45:13 It's, yeah, everything is coming up Ipswich as long as they, you know,
45:19 are able to win some of their last games, which are, if I'm not mistaken,
45:23 Hull, Coventry, and Huddersfield.
45:27 Should be interesting.
45:28 Do you want to talk about those games or do you want to talk about the
45:32 remaining games or do you want to tell us how you got dolled up to the nines
45:36 at the EFL Awards and who you managed to speak to, who you networked with,
45:40 who you mingled alongside, whether you were rubbing shoulders
45:45 with your great friend in broadcasting, Ian "Broadcast" Moose.
45:49 I don't even know what his surname is.
45:51 Is it Abraham?
45:54 Yes, Ian Abrahams.
45:57 You know, a very good friend, of course.
46:00 Let the record show that Graeme is a huge fan of his work.
46:06 What was the EFL Awards like at the Grosvenor House Hotel in London?
46:11 In fact, this will tell me how much of an occasion you thought it was.
46:15 Did you wear your specs or was it a contact lens night?
46:19 Oh, no, my contacts are reserved solely for Monday night football.
46:25 So I don't wear them.
46:28 Yeah, it was a good do.
46:31 I mistakenly had the impression that it'd be a big ballroom.

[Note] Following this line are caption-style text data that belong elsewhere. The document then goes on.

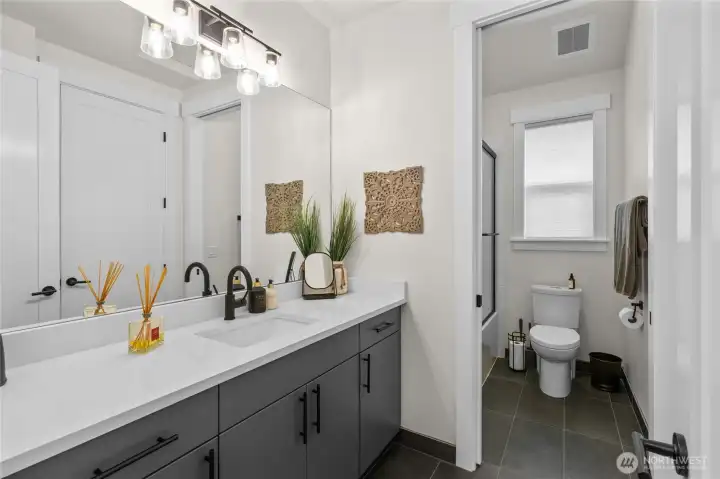 Main bathroom Main bathroom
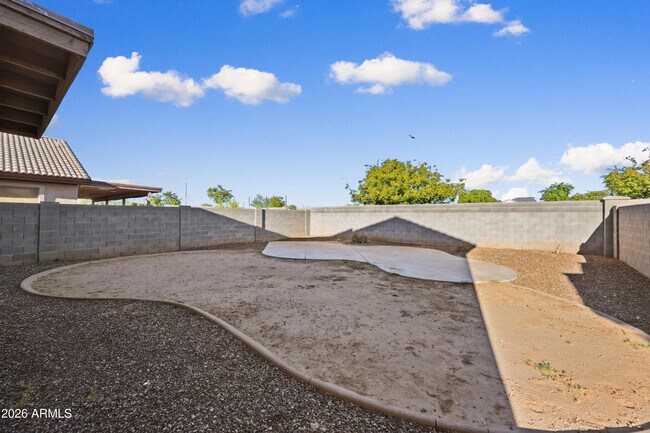 Foto del edificio - 5613 S 51st Dr
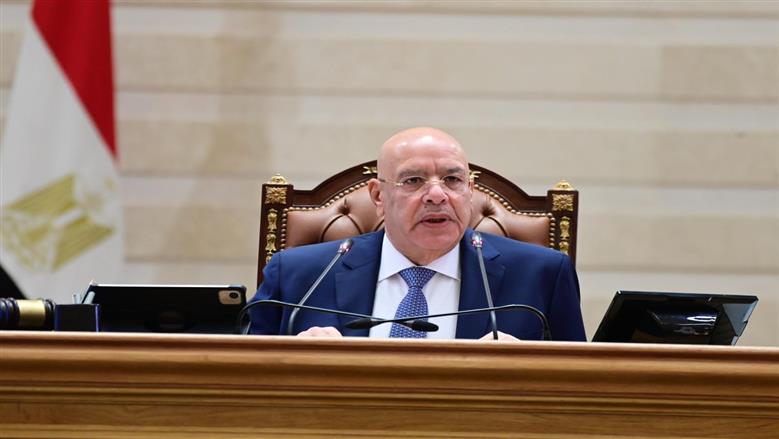 رئيس مجلس النواب يهنئ السيسي بعيد العمال: إشادة بدور العمال الوطني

46:36 It was a big ballroom.
46:38 My impression was that the journalists would have an area or a table
46:42 or whatever and then maybe a little room to the side to interview,
46:45 to take people and interview them after they won so that you're part
46:49 of the event, not in the event, but part of the event.
46:52 I mean, I guess I should have read the signs when it said
46:57 the dress code is black tie for the event.
47:00 Note, black tie is not necessary for working journalists
47:04 or working media.
47:06 I should have--I mean, it said like no trainers or whatever,
47:08 but I should have got the memo.
47:11 Also, can we ever just put an end to ambiguity in dress codes?
47:16 Because then I'm thinking, well, do journalists even wear suits?
47:21 Do they just go with a shirt?
47:23 Do they wear tuxedos anyway?
47:25 Will it look pretentious if you turn up in a tuxedo?
47:27 Or will you look like you stand out like a sore thumb if you don't?
47:30 I had all that insecurity going on.
47:32 In the end, just went for a suit with a tie, black suit with a tie,
47:37 dark purple tie.
47:39 Looked great, to be honest.
47:41 And then other journalists were similarly attired, like, you know,
47:46 jacket and shirt with an open collar or a suit but not a tuxedo.